So finally, David Gold and David Sullivan have got their way. The most inevitable sacking of the summer was instigated in double quick time as Gianfranco Zola left his post as West Ham boss just two days after the end of the season.
The Italian’s popularity will affect many people’s judgement on the matter but even if Zola wasn’t thoroughly likeable, his treatment by the West Ham owners would still be met with disapproving looks.
Gold and Sullivan have only been in charge of the club for six months, but already it feels like a lifetime as their constant media rumblings slowly undermined the club’s management.
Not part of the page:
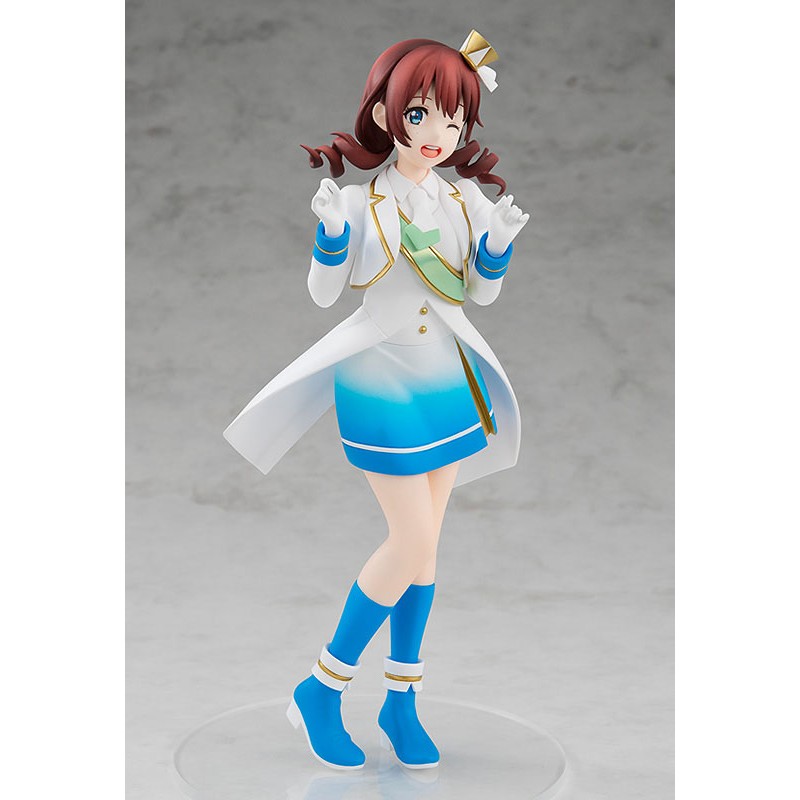 COMMANDE - POP UP PARADE LOVE LIVE - EMMA VERDE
It is true that the club was struggling, Zola has made some mistakes and the West Ham’s huge debts mean the future is uncertain. However, it seemed like the owners were doing their best to make things worse by consistently disrupting Zola’s preparations for big games with ill-advised and poorly timed public outbursts.
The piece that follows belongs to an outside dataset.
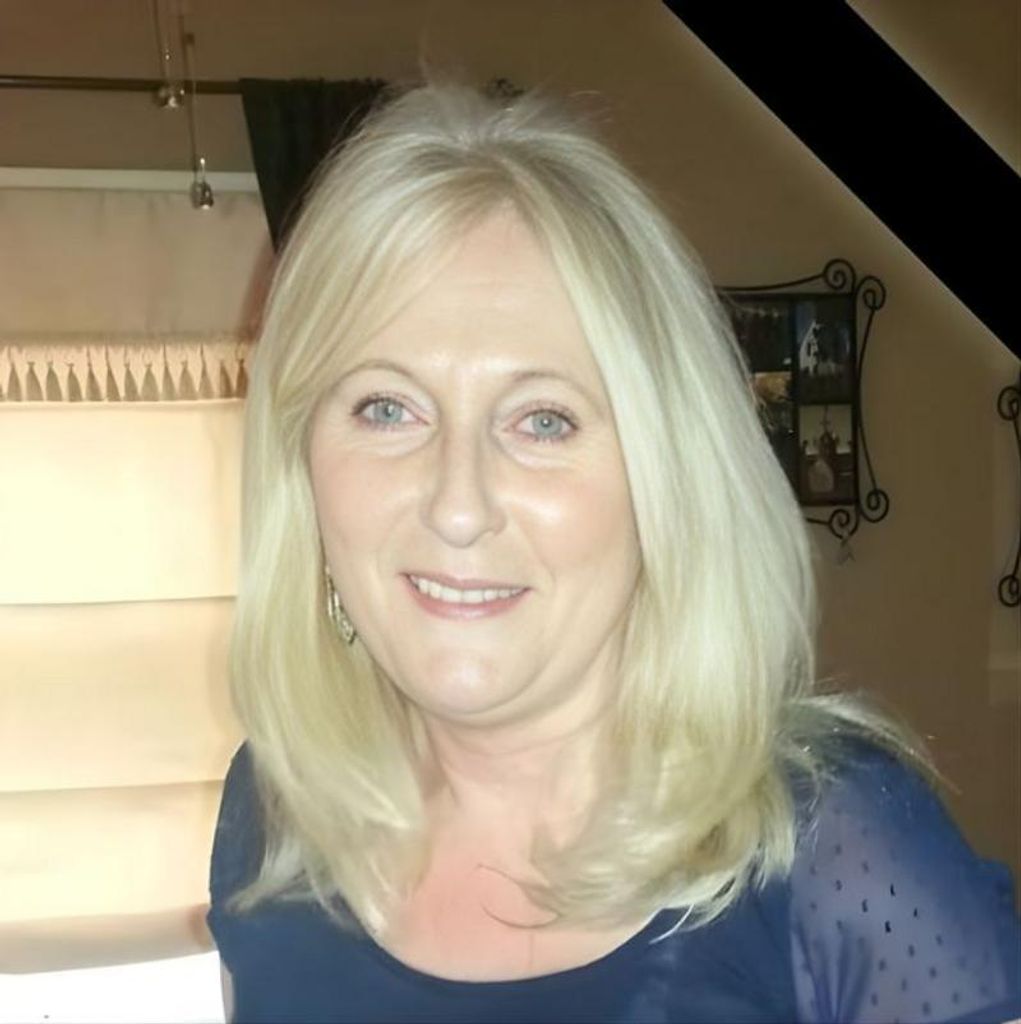 Teresa Ann Ryan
For example, after a defeat to Wolves in March Sullivan released a public statement labelling the players “shambolic” and “pathetic”. What good was that going to do?
The deep rooted problems at the club were there well before they and Zola arrived, but while the Italian got on with the job with an immense level of dignity, Sullivan and Gold have shown no class whatsoever. Admittedly, the football betting suggested West Ham should have done better than they did, but that’s no excuse for what went on. The owners’ treatment of Zola, in light of the hard work he has put in the name of West Ham and the way in which he behaved, is nothing short of a disgrace.
The question is now who will replace him? It appears clear that the owners will take an overly active role in team affairs, which will put off a numbered of talented coaches. It seems a yes man is the ideal candidate for the Upton Park hot seat.
For Zola it is time to reflect on a mixed two years in the Premier League, before planning a return to football, hopefully to a club where he will be appreciated.
Now though, he can sit back and enjoy the 2010 Football World Cup as a fan, without worrying what he’ll be reading in the papers.